Awesome

Warning torchegranate v0.5.0 has been merged back into pomegranate as v1.0.0. Thank you all for your support during this rewrite! PLEASE TAKE ALL FURTHER QUESTIONS, ISSUES, AND COMMENTS BACK TO THE POMEGRANATE REPO.

torchegranate is a rewrite of the pomegranate library to use PyTorch as a backend. It implements probabilistic models with a modular implementation, enabling greater flexibility in terms of model creation than most models allow. Specifically, one can drop any probability distribution into any compositional model, e.g., drop Poisson distributions into a mixture model, to create any model desired without needing to explicitly hardcode each potential model. Because one is defining the distributions to use in each of the compositional models, there is no limitation on the models being homogenous -- one can create a mixture of a exponential distribution and a gamma distribution just as easily as creating a mixture entirely composed of gamma distributions.
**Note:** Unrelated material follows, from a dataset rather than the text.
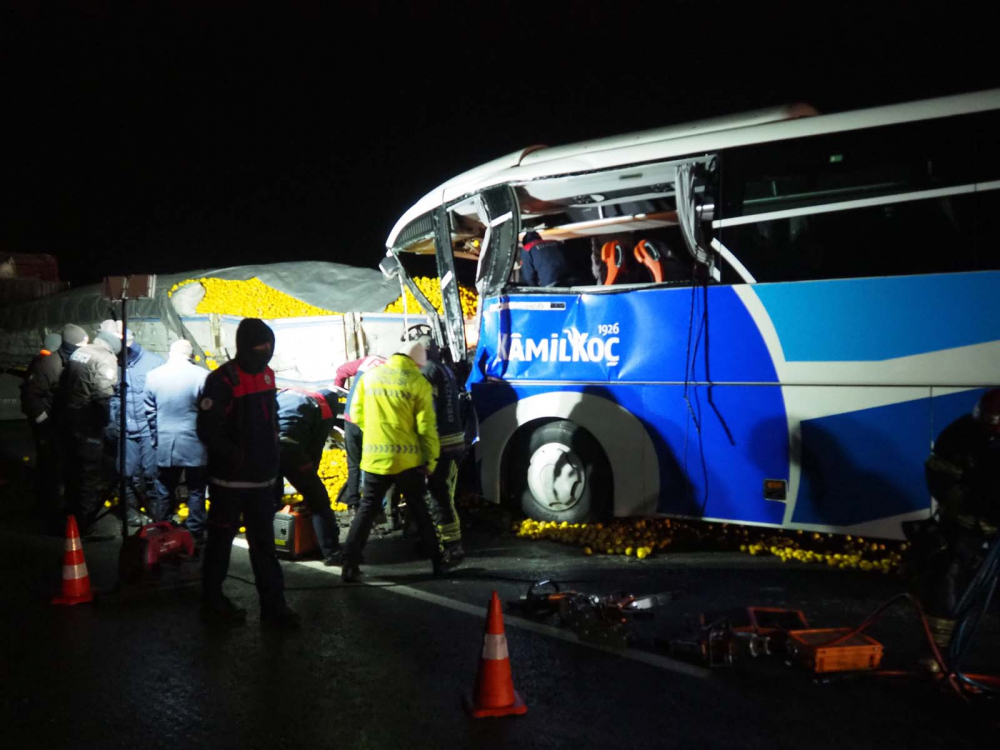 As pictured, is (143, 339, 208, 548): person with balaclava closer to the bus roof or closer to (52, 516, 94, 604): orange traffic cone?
(52, 516, 94, 604): orange traffic cone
But that's not all! A core aspect of pomegranate's philosophy is that every probabilistic model is a probability distribution. Hidden Markov models are simply distributions over sequences and Bayesian networks are joint probability tables that are broken down according to the conditional independences defined in a graph. Functionally, this means that one can drop a mixture model into a hidden Markov model to use as an emission just as easily as one can drop an individual distribution. As part of the roadmap, and made part in possible due to the flexibility of PyTorch, complete cross-functionality should be possible, such as a Bayes classifier with hidden Markov models or a mixture of Bayesian networks.
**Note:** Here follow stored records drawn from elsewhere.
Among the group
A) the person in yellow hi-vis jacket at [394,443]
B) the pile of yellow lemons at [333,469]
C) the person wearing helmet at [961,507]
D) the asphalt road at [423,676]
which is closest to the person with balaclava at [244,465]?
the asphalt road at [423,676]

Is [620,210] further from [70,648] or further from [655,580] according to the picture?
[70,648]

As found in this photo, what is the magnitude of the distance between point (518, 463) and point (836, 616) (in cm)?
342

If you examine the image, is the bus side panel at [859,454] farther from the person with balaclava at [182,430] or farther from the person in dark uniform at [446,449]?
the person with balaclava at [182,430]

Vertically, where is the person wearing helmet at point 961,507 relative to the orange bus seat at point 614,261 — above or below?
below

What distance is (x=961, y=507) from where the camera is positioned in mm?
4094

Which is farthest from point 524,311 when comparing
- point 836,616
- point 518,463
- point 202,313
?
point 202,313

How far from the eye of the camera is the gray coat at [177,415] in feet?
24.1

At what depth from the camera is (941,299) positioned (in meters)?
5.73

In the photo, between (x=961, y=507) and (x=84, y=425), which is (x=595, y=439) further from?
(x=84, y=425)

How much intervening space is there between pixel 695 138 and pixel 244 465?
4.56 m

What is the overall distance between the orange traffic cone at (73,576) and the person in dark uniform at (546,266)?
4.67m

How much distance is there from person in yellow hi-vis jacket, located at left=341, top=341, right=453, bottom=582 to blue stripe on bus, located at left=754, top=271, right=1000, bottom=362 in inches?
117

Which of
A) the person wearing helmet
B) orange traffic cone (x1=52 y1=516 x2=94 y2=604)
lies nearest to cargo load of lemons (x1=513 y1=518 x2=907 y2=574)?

Special shout-out to NumFOCUS for supporting this work with a special development grant.

Installation

pip install torchegranate

Although torchegranate has been merged back into pomegranate, it will remain available on PyPI for anyone who wants to use this version.

Why a Rewrite?

This rewrite was motivated by three main reasons:

Speed: Native PyTorch is just as fast as the hand-tuned Cython code I wrote for pomegranate, if not significantly faster.
Community Contribution: A challenge that many people faced when using pomegranate was that they could not extend it because they did not know Cython, and even if they did know it, coding in Cython is a pain. I felt this pain every time I tried adding a new feature or fixing a bug. Using PyTorch as the backend significantly reduces this problem.
Interoperability: Libraries like PyTorch offer a unique ability to not just utilize their computational backends but to better integrate into existing deep learning resources. This rewrite should make it easier for people to merge probabilistic models with deep learning models.

Roadmap

The ultimate goal is for this repository to include all of the useful features from pomegranate, at which point this repository will be merged back into the main pomegranate library. However, that is quite a far way off. Here are some milestones that I see for the next few releases.
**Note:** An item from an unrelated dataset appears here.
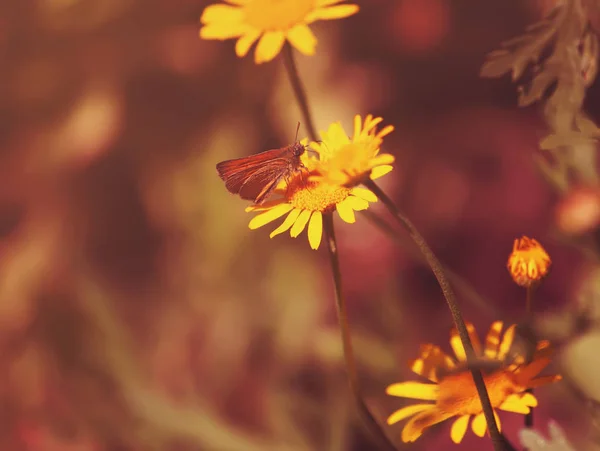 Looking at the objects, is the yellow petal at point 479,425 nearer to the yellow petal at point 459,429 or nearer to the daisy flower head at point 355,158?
the yellow petal at point 459,429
v0.1.0: Initial draft of most models with basic feature support, only on CPUs
v0.2.0: Addition of GPU support for all existing operations and serialization via PyTorch
v0.3.0: Addition of missing value support for all existing algorithms
v0.4.0: Addition of Bayesian networks and factor graphs
v0.5.0: Addition of sampling algorithms for each existing method
v0.6.0: Addition of pass-through for forward and backward algorithms to enable direct inclusion of these components into PyTorch models

GPU Support

All distributions in torchegranate have GPU support. Because each distribution is a torch.nn.Module object, the use is identical to other code written in PyTorch. This means that both the model and the data have to be moved to the GPU by the user. For instance:

>>> X = torch.exp(torch.randn(50, 4))

# Will execute on the CPU
>>> d = Exponential().fit(X)
>>> d.scales
Parameter containing:
tensor([1.8627, 1.3132, 1.7187, 1.4957])

# Will execute on a GPU
>>> d = Exponential().cuda().fit(X.cuda())
>>> d.scales
Parameter containing:
tensor([1.8627, 1.3132, 1.7187, 1.4957], device='cuda:0')

Likewise, all models are distributions, and so can be used on the GPU similarly. When a model is moved to the GPU, all of the models associated with it (e.g. distributions) are also moved to the GPU.

>>> X = torch.exp(torch.randn(50, 4)).cuda()
>>> model = GeneralMixtureModel([Exponential(), Exponential()]).cuda()
>>> model.fit(X)
[1] Improvement: 1.26068115234375, Time: 0.001134s
[2] Improvement: 0.168121337890625, Time: 0.001097s
[3] Improvement: 0.037841796875, Time: 0.001095s
>>> model.distributions[0].scales
Parameter containing:
>>> model.distributions[1].scales
tensor([0.9141, 1.0835, 2.7503, 2.2475], device='cuda:0')
Parameter containing:
tensor([1.9902, 2.3871, 0.8984, 1.2215], device='cuda:0')

Serialization

torchegranate objects are all instances of torch.nn.Module and so serialization is the same as any other model and can use any of the other built-in functionality.

Saving:

>>> X = torch.exp(torch.randn(50, 4)).cuda()
>>> model = GeneralMixtureModel([Exponential(), Exponential()], verbose=True)
>>> model.cuda()
>>> model.fit(X)
>>> torch.save(model, "test.torch")

Loading:

>>> model = torch.load("test.torch")

Missing Values

torchegranate supports handling data with missing values through torch.masked.MaskedTensor objects. Simply, one needs to just put a mask over the values that are missing.

>>> X = <your tensor with NaN for the missing values>
>>> mask = ~torch.isnan(X)
>>> X_masked = torch.masked.MaskedTensor(X, mask=mask)
>>> d = Normal(covariance_type='diag').fit(X_masked)
>>> d.means
Parameter containing:
tensor([0.2271, 0.0290, 0.0763, 0.0135])

All algorithms currently treat missingness as something to ignore. As an example, when calculating the mean of a column with missing values, the mean will simply be the average value of the present values. Missing values are not imputed because improper imputation can bias your data, produce unlikely estimates which distort distributions, and also shrink the variance.

Because not all operations are yet available for MaskedTensors, the following distributions are not yet supported for missing values: Bernoulli, categorical, normal with full covariance, uniform

Frequently Asked Questions

Why can't we just use torch.distributions?

torch.distributions is a great implementation of the statistical characteristics of many distributions, but does not implement fitting these distributions to data or using them as components of larger functions. If all you need to do is calculate log probabilities, or sample, given parameters (perhaps as output from neural network components), torch.distributions is a great, simple, alternative.

What models are implemented in torchegranate?

Currently, implementations of many distributions are included, as well as general mixture models, Bayes classifiers (including naive Bayes), hidden Markov models, and Markov chains. Bayesian networks will be added soon but are not yet included.

How much faster is this than pomegranate?

It depends on the method being used. Most individual distributions are approximately 2-3x faster. Some distributions, such as the categorical distributions, can be over 10x faster. These will be even faster if a GPU is used.